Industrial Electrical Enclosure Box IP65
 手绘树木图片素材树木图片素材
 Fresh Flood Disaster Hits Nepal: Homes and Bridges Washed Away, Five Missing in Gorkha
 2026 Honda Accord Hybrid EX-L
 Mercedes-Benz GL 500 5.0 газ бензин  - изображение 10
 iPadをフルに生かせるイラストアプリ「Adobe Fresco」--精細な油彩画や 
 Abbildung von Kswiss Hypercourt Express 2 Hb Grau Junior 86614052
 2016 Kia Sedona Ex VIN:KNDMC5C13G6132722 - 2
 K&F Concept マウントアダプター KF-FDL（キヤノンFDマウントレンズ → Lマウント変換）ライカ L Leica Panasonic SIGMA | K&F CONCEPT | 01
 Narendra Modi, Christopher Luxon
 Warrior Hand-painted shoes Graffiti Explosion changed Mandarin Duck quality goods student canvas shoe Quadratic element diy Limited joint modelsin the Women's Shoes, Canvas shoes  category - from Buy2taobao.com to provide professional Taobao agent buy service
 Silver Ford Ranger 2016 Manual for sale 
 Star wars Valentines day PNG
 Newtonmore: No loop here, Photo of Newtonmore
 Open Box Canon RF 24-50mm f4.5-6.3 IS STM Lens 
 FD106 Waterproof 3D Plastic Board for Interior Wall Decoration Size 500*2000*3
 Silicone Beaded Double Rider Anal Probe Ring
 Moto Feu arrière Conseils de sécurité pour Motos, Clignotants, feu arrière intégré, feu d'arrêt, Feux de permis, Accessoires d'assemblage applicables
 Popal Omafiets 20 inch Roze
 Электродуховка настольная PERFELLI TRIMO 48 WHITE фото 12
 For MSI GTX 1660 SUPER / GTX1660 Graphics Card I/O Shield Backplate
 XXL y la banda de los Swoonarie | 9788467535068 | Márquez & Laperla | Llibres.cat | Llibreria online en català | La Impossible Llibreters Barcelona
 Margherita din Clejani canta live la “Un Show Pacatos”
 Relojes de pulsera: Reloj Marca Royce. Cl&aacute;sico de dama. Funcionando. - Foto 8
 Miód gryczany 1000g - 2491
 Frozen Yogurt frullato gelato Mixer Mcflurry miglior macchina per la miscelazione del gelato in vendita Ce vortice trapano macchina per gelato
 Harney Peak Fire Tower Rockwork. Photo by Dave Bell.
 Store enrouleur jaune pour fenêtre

====================

Task item | Could you return exactly the stretch of the data above that starts at the line with "Open Box Canon" and ends at the line with "Silicone Beaded Double Rider Anal Probe Ring", both lines included?

Response for this exercise |
 Open Box Canon RF 24-50mm f4.5-6.3 IS STM Lens 
 FD106 Waterproof 3D Plastic Board for Interior Wall Decoration Size 500*2000*3
 Silicone Beaded Double Rider Anal Probe Ring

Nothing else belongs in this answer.